About Me

I came to Wake Forest University in 2010, after completing a spine surgery fellowship in Boston. Prior to this, I spent 7 years training in Brooklyn and Staten Island’s public hospitals, eventually becoming chief resident of the orthopaedic trauma unit at Kings County Hospital, where in the years leading up to 9/11, we trained the U.S. Army surgeons in gun and knife trauma.

After witnessing 9/11, on October 15, 2003, as my afternoon clinic ended, I found myself the only orthopaedic surgery resident in New York City’s island borough when the Andrew J. Barberi hit the Staten Island ferry pier. In the course of a career, many trauma surgeons will see gruesome injuries; however, to see this large amount, all at one time, was life changing and molded my patient care philosophy.

I resolved to find the best ways of avoiding trauma to healthy tissue during surgical procedures, even if it made the surgery longer and more technically challenging. My patients report excellent microsurgical outcomes in the English literature’s longest running peer-reviewed publications.

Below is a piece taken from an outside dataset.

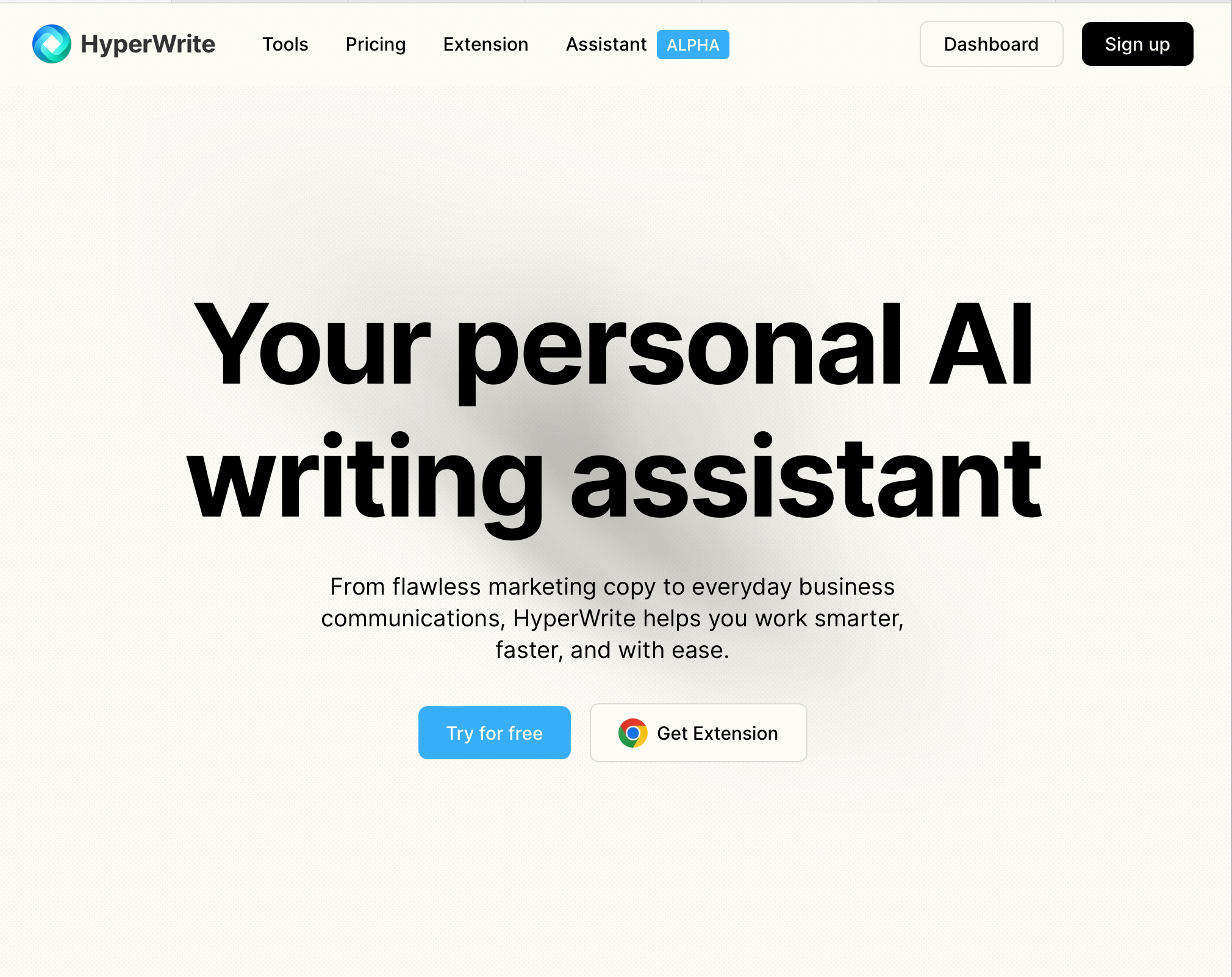 Hyperwrite AI homepage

If a fusion or stabilization is warranted, I specialize in 3 state-of-the-art spinal reconstruction techniques, all of which minimize insult to the muscular envelope.

I serve as department director of spine research and president of the North Carolina Spine Society. Wake Forest University holds 2 of my 4 invention patents associated with preventing scoliosis progression.

An Irish immigrant thankful for the opportunities this country has provided me, I volunteer in my community, advocating for safe, healthy, walkable urban environments as a qualifier for the North Carolina Board of General Contractors and previous 2-term Director of the Winston-Salem Police Foundation. I am available for spine surgical consultation by referral.